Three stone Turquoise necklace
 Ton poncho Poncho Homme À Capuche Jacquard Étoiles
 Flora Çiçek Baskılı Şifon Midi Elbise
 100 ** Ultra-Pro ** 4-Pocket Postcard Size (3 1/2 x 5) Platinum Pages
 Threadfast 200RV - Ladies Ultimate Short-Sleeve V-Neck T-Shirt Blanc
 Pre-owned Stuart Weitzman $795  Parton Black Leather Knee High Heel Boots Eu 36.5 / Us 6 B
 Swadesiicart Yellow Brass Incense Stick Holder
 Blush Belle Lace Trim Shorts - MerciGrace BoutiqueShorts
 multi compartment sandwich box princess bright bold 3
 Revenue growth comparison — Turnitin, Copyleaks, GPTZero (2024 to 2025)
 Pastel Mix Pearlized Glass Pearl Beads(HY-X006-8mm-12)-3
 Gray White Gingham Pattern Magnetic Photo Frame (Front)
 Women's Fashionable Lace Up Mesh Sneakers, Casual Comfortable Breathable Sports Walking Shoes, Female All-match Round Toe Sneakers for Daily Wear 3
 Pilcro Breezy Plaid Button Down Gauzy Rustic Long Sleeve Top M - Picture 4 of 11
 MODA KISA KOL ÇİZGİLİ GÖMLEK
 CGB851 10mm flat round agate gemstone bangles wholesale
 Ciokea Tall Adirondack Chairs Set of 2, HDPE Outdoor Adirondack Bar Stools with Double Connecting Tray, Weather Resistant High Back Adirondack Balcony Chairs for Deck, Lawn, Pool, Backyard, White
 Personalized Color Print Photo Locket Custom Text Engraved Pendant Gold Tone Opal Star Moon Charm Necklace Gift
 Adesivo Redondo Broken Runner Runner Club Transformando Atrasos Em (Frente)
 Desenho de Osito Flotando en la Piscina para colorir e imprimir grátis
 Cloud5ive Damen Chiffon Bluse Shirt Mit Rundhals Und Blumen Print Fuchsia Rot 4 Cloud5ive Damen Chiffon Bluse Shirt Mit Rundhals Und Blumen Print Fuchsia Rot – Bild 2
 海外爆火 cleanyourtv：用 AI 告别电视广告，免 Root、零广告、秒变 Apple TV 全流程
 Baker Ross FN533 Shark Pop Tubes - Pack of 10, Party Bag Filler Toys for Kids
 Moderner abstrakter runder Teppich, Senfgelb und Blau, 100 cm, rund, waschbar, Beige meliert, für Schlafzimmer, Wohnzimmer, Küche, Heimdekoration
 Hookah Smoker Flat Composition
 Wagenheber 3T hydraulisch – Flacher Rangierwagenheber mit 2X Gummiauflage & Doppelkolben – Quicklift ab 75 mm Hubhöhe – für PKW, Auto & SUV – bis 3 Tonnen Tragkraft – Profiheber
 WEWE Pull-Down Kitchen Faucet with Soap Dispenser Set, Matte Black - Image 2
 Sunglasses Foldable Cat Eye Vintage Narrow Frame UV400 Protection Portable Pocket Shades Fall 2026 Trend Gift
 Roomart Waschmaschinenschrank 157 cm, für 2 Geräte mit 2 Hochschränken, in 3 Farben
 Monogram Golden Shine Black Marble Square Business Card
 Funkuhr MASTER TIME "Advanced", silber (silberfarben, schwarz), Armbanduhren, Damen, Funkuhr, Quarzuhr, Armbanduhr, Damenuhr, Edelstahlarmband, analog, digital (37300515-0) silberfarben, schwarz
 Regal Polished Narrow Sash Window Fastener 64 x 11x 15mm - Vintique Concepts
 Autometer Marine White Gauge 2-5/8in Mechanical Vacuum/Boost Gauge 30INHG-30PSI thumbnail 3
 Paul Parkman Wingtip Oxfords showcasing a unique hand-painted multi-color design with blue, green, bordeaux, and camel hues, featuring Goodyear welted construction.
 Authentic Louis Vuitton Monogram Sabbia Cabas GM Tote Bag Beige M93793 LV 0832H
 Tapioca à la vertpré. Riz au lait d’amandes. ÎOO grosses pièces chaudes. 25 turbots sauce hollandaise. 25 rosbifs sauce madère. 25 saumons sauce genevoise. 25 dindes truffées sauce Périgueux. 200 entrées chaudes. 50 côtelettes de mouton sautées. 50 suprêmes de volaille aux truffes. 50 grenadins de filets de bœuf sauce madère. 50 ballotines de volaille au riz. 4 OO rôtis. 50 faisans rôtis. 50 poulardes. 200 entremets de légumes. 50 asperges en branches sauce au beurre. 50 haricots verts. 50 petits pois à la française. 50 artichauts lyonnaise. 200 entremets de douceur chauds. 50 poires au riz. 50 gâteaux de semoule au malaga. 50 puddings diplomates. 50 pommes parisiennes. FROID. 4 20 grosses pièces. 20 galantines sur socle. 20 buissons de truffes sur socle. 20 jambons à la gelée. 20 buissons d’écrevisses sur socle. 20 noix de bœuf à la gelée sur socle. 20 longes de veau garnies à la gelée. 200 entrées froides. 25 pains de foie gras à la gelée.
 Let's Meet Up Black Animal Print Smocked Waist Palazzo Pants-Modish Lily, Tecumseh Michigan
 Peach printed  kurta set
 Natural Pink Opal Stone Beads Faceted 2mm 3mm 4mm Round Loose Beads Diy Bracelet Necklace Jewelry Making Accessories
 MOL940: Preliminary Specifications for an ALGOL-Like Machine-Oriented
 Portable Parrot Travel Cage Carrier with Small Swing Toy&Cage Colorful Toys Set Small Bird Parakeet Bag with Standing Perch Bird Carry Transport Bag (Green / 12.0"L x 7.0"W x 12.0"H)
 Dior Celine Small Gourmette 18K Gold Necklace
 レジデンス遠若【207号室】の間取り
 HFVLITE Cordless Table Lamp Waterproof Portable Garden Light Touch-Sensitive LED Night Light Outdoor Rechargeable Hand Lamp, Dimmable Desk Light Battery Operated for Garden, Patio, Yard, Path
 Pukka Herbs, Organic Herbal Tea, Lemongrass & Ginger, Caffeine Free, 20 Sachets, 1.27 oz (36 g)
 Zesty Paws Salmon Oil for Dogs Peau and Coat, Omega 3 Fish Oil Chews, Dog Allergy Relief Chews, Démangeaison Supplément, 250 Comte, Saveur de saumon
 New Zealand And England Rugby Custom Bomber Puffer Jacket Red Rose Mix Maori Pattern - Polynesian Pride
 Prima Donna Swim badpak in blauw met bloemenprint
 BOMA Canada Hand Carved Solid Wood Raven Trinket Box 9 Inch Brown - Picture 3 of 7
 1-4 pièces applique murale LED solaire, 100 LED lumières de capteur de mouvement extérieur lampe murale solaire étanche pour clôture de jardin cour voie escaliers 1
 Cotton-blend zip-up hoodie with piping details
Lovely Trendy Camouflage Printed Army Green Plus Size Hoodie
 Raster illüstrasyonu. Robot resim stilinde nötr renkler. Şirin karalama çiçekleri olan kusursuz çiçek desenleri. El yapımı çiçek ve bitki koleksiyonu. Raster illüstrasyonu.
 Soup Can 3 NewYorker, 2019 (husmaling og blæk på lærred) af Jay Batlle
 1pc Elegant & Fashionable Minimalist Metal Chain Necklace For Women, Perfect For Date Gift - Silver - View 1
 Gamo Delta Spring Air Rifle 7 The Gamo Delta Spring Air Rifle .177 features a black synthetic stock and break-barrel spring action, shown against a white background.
--------
-- Prompt --
In how many lines of the records does the word "Pocket" occur? Reply with the number only.

-- Finished task --
2